Tive o privilégio de assistir ao espetáculo infantil “ O mistério das treze portas”, na verdade, um grande evento que traz à luz os seres que fizeram história, nas suas transgressivas formas de ser e de conceberem a vida. Sujeitos massificados e excluídos socialmente, atingidos com as pedras do preconceito de uma sociedade que apenas lhes permitiu a mísera visibilidade do desdém e da zombaria, julgando-os com critérios absolutamente elitistas.
À medida que os nomes desfilavam naquele palco, igualmente reavivavam e se abriam lentamente “as portas” das minhas lembranças desses personagens que percorreram as ruas do Crato e deixaram suas marcas, resgatadas, hoje, graças a sua sensibilidade antropológica e de todos que tornaram possível o livro, e consequentemente, o espetáculo.
Parabenizá-los é muito pouco diante do coquetel cultural que degustamos ao sabor das músicas e da diversidade dos artistas.
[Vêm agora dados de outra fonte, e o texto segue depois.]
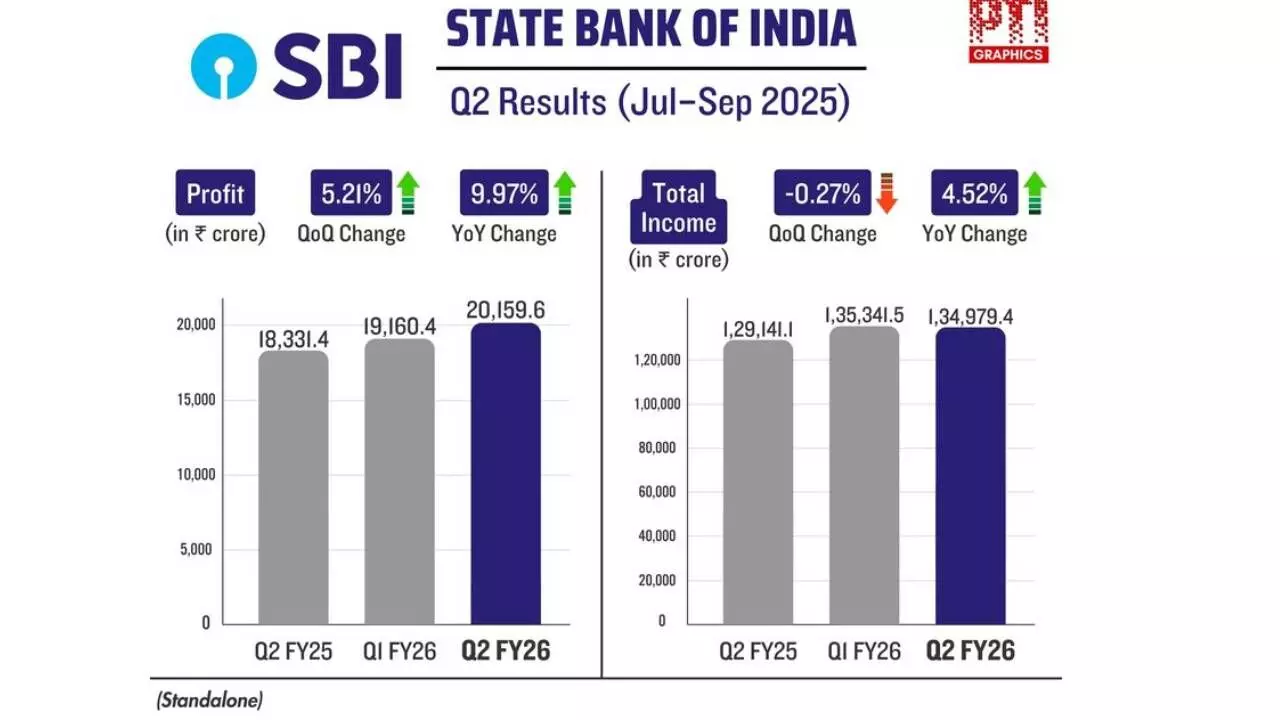 SBI Q2 profit rises 6.4 %, asset quality at record high SBI Q2 profit rises 6.4 %, asset quality at record high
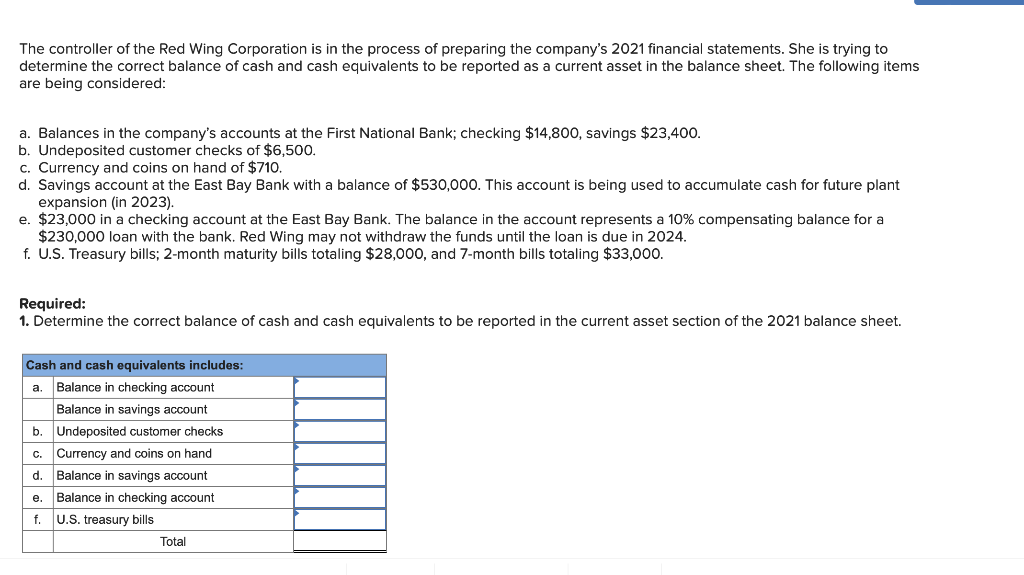 The Controller Of The Red Wing Corporation Is In The Process Of Preparing The Company S 2021 Financial Statements She I 1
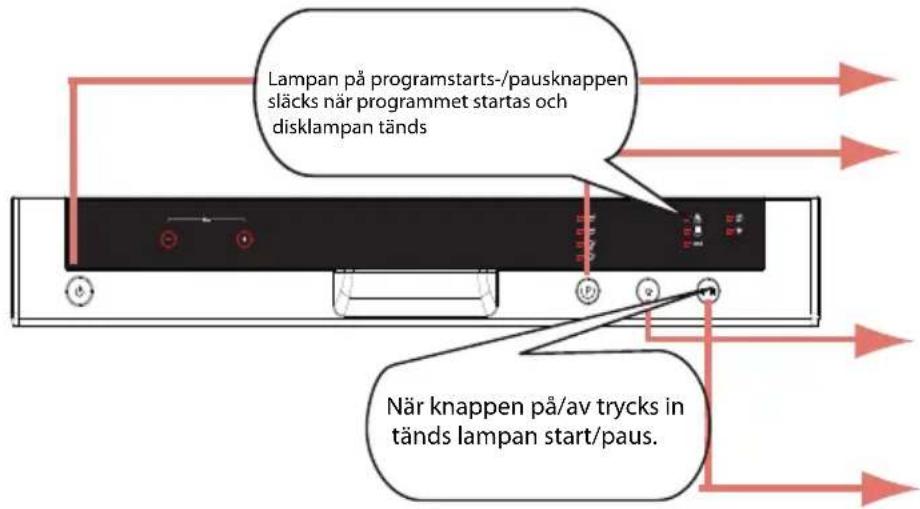 Lampan på programstarts-/pausknappen släcks när programmet startas och disklampan tänds När knappen på/av trycks in tänds lampan start/paus.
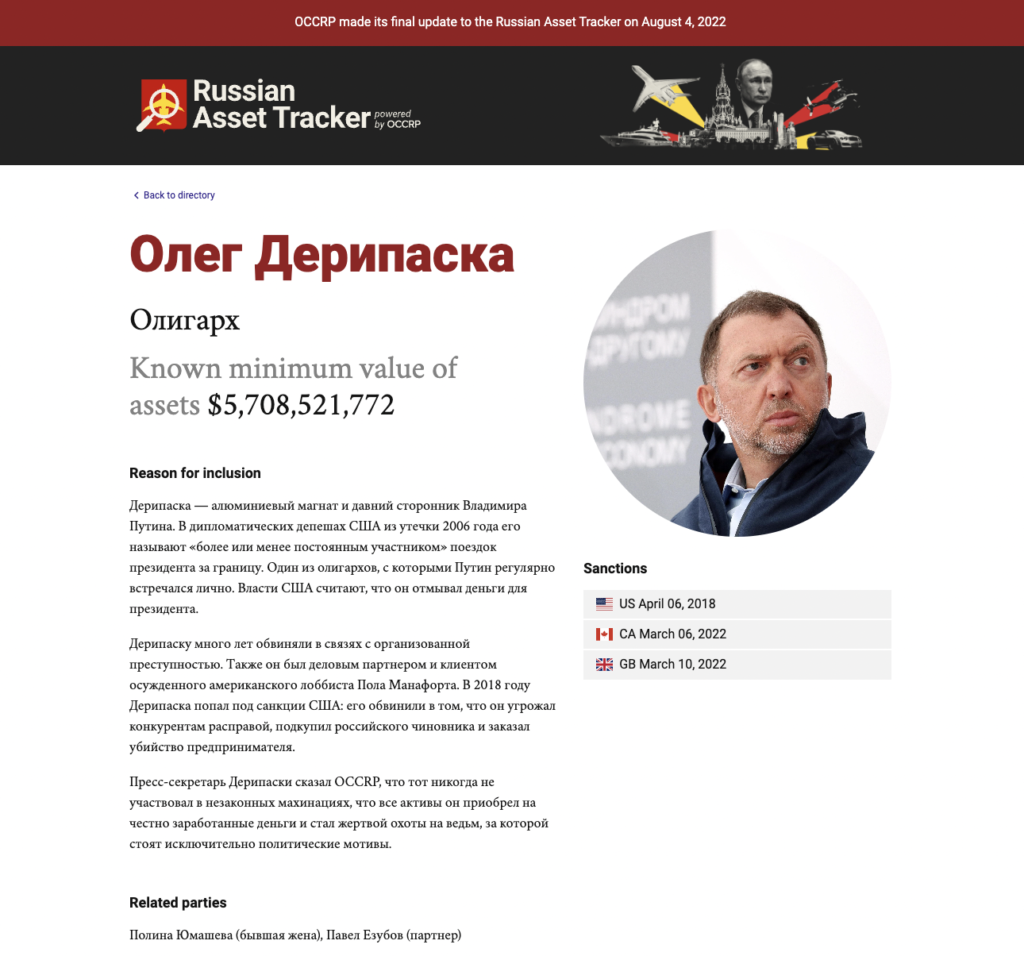 Российский олигарх купил бизнес-джет в Казахстане в обход санкций -  respublika.kz.media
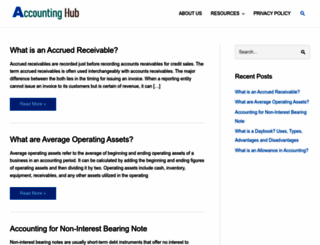 accountinghub-online.com screenshot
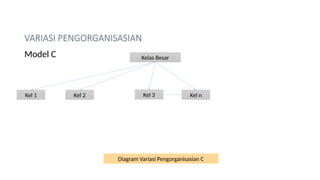 VARIASI PENGORGANISASIAN
Model C Kelas Besar
Kel 1 Kel 2 Kel 3 Kel n
Diagram Variasi Pengorganisasian C
 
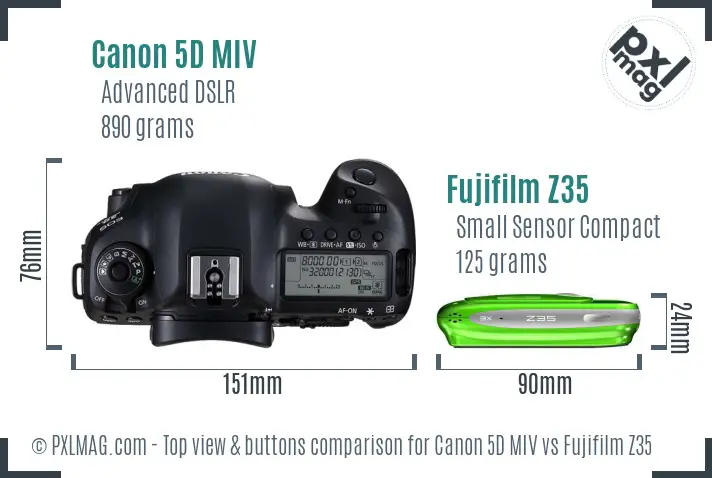 Canon 5D MIV vs Fujifilm Z35 top view buttons comparison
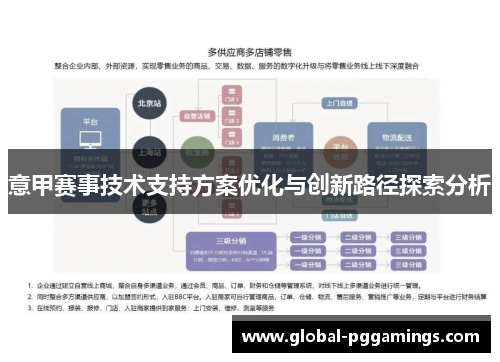 意甲赛事技术支持方案优化与创新路径探索分析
Jamais esquecerei o cântico performático de João do Crato que mesclou tão bem, corpo, voz e coração num só pulsar interpretativo.
Claro, que também deixo aqui algumas observações, que talvez sirvam de sugestões, a partir da minha limitada percepção crítica. A meu ver, a idéia do Mateus e da Catarina como apresentadores foi maravilhosa, no entanto, julgo que se esses mesmos personagens teriam mais brilho e mais aceitação do público infantil, dando ao texto um caráter de conotação de história como bem é feito no livro, sem aquele empilhar de folhas digitadas que lhes cobriam o brilho e acabaram comprometendo, relativamente, o show, dando-lhe uma ideia de um ensaio, apenas.
Quanto à apresentação musical, julgo que seria mais interessante e condizente com a proposta que os cantores estivessem TODOS, e não só alguns, caracterizados com o personagem que estavam representando, uma vez que se trata de um trabalho para crianças, e, a compreensão infantil opera mais com o concreto, o visto, e não o subjetivo. Sem contar, também, na expectativa criada no público adulto, em ver e relembrar os sujeitos ali anunciados, evidente que não se esperava um teatro naturalista na sua essência. No entanto, na minha forma de perceber, ali não era apenas um mero show musical; a música estava em função de um contexto maior, por alargar e aprofundar o texto e o resgate histórico que se pretendia dar no final, com o intuito de formar um tecido único, a partir de cada fio ali exposto.
Mas, acredite, meu caro Zé Flávio, nada afetou o brilho da tão inspiradora ideia, a composição e a poesia presentes no tributo ao Beato Zé Lourenço foi realmente encantadoras. Já fico no aguardo do abrir de outras portas, em que espectador e leitor adotando a postura da Alice do Lewis Carroll, adentrem em outros países das maravilhas culturais que sua inspiração como escritor pode e sabe tão bem proporcionar.
2 comentários:
A lombra desta leitura é permanente...
Puro encanto!
Esta avaliação da cena viva do livro bem releva a força da criação coletiva. Algo que não é fácil pois é comum o incômodo da padronização sobre as diferenças ou a dissintonia de tantas vozes. O cariri provou que sabe fazer isso.